-247 La Cour du Pont Euxin
LA COUR DU BASILEUS MITHRIDATE II
L’homme ceint du diadème avança avec majesté. Sa jeunesse resplendissait au sein de la cour des anciens favoris fardés et de guerriers aux traits couturés et aux yeux plissés de rides. Agé de dix huit ans, le menton rond et charnu, le front haut surmonté de courtes boucles retombant sur ses oreilles, Mithridate II roi du Pont et Evergète de Sinope, devenait en ce jour basileus.
La « vie inimitable », une vie de plaisir se proposait à lui…
Le basileus portait habituellement des vêtements simples contrastant avec le luxe de la Cour. Son manteau de laine, le peplos, court et sans manche, était agrafé sur l’épaule par une fibule. Le peplos avait été jeté avec grâce par-dessus la tunique de lin transparent. Une couture réunissait les bords du tissu plié en deux dans le sens de la hauteur. La ceinture à la taille permettait de raccourcir la longueur du chiton et de faire bouffer le tissu. Mais surtout, le bandeau de l’athlète vainqueur ornait son front. Le ruban de soie blanche brodée se terminait par un nœud et par deux bandelettes retombant sur les épaules vigoureuses du jeune homme. Le diadème indiquait à tous sa dignité de basileus, son autorité royale.
Pour la cérémonie officielle le roi se devait de revêtir son sobre costume militaire. Il apparaissait drapé dans la chlamyde, ce manteau militaire macédonien rappelant l’épopée d’Alexandre le grand. Le souverain chaussait des krépidès, des bottines. Le diadème, noué autour du chapeau en feutre macédonien, entourait ainsi la kausia.
La parure de la souveraine resplendissait à côté de la simplicité du costume officiel de son époux. Elle ne portait pas le bandeau ornemental mais une couronne de métal précieux. Un voile lui couvrait l’arrière de la tête. Les riches colliers, les boucles d’oreilles ainsi qu’un sceptre conféraient à l’épouse du roi, la fille du roi de Colchide, une splendeur inégalée au sein de la Cour royale.

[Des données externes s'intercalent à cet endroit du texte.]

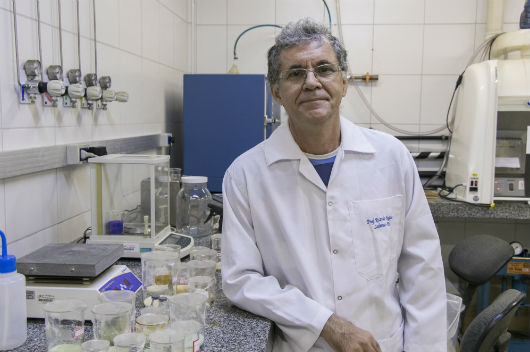 Ricardo Emilio, uma das novas linhas de pesquisa para aplicação biomédica é a utilização dos chamados biometais, a exemplo do magnésio (Foto: Viktor Braga/UFC)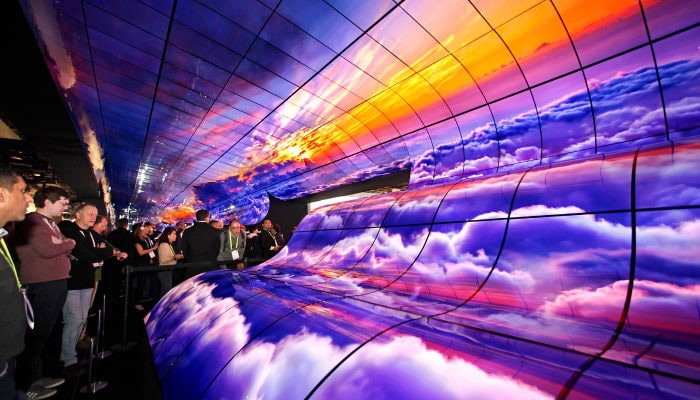 LG a IFA 2019: va in scena la straordinaria installazione LG OLED FALLS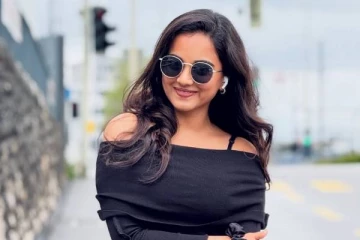 சுவிட்சர்லாந்துக்கு பறந்த சூப்பர் சிங்கர் மானசி!! மாடர்ன் லுக்கில் எப்படி இருக்காங்க பாருங்க..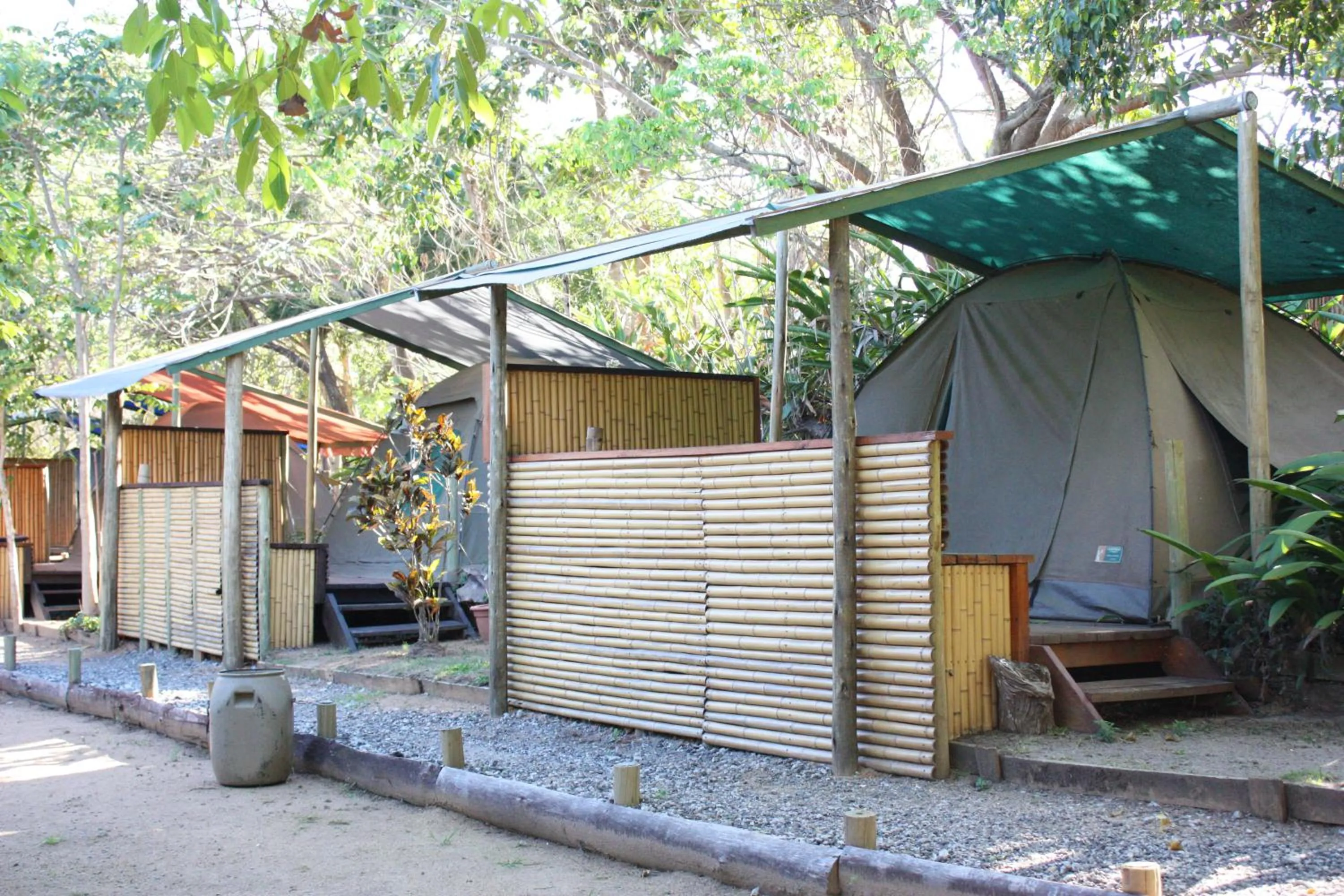 Facade/entrance in Hazyview Adventure Backpackers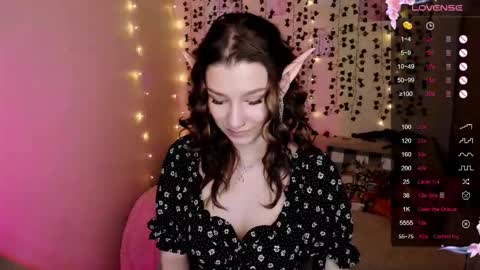 Lina online show from October 30, 2025, 8:16 am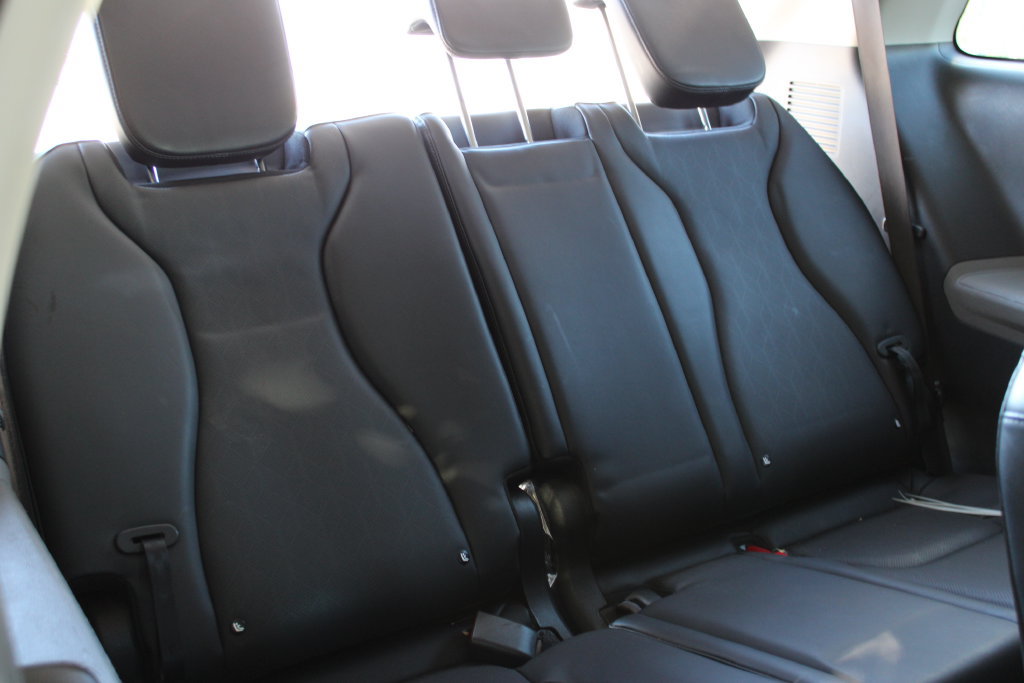 Used 2025 Kia Carnival FWD image 28
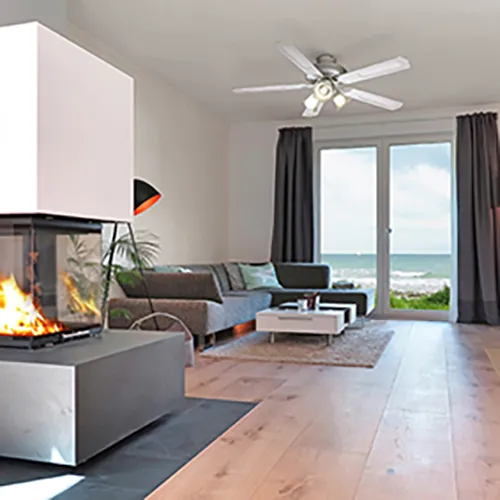 Ventilateur de plafond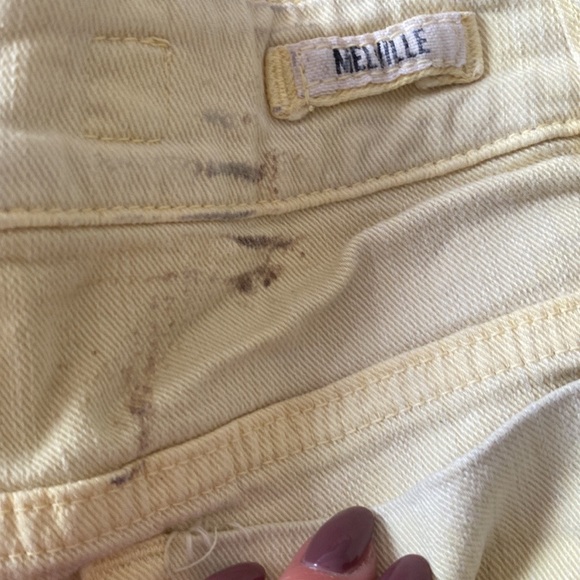 BRANDY MELVILLE YELLOW DENIM BOOTY SHORTS Size 6 - Picture 4 of 4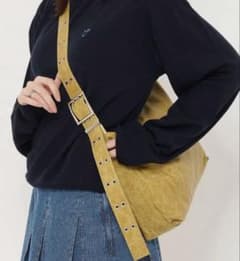 TINA:JOJUN ダブル　バックルバッグ　マスタードのサムネイル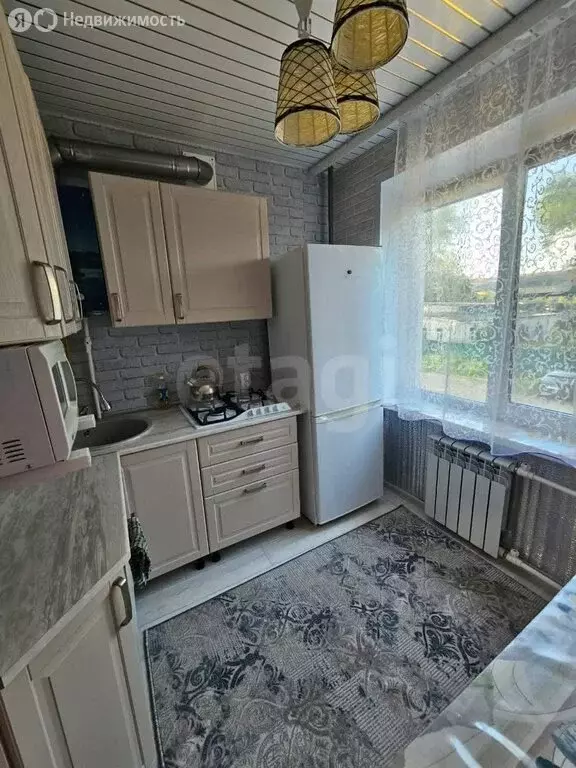3-комнатная квартира: Бологое, Октябрьская улица, 20 (59 м) - Фото 0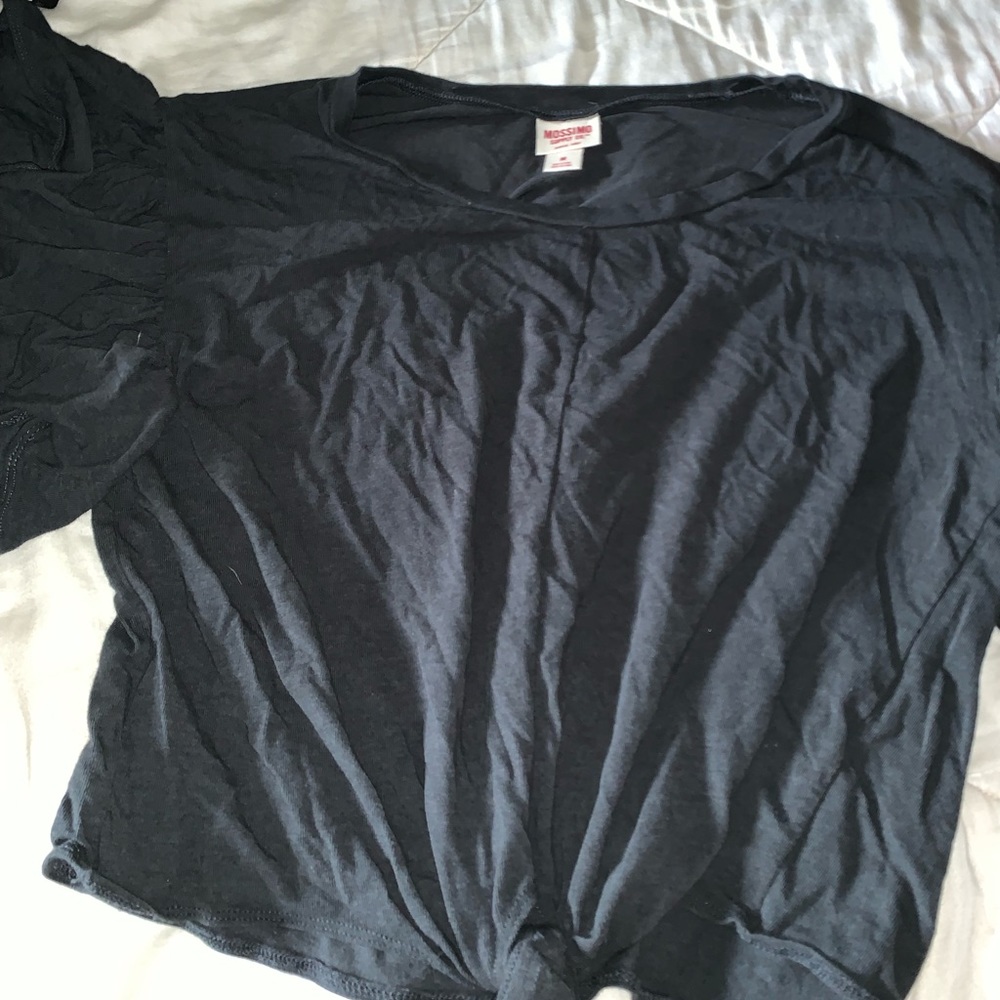 greyish black t-shirt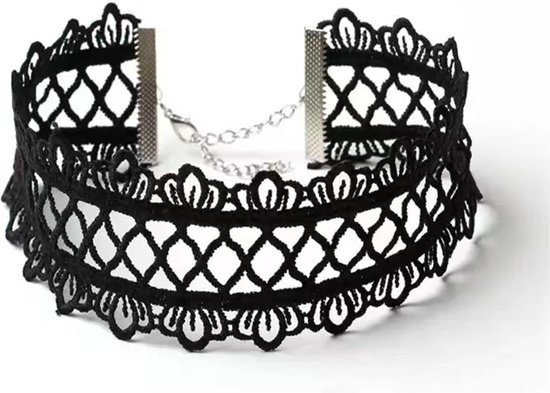 Zwarte kanten choker met opengewerkt ruitpatroon en zilverkleurige sluiting en kettingschakels.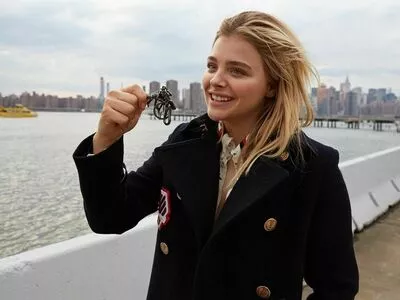 Chloë Grace Moretz / chloegmoretz nude photo #0434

Les courtisans rivalisaient d’obséquiosité, voulaient plaire, minaudaient et battaient des cils devant leurs nouveaux souverains. Le favori Agathoclès pouffait intérieurement. Les courtisans pouvaient être vils et intelligents, jamais ils ne le seraient autant que lui…
Les regards en biais, haineux ou suppliants, méprisant le plus souvent, soulignait la hiérarchie et les rivalités de la Cour. Les premiers courtisans à venir rendre hommage au diadoque furent ses proches, nommés syngénéis (note : « parents »), suivis par les gardes du corps en chef, les archimatophylaques. Vinrent après eux les groupes des philoi : prôtoi philoi (« premiers amis »), philoi (« amis ») et enfin les diadochoi (« successeurs »). Au sein de cette influente aristocratie le souverain devait choisir ses ministres.
« Sosibios » prononça le roi avec un sourire en l’appelant auprès de lui.
Agathoclès regarda le nouveau favori du roi, les yeux brûlant d’une rage haineuse.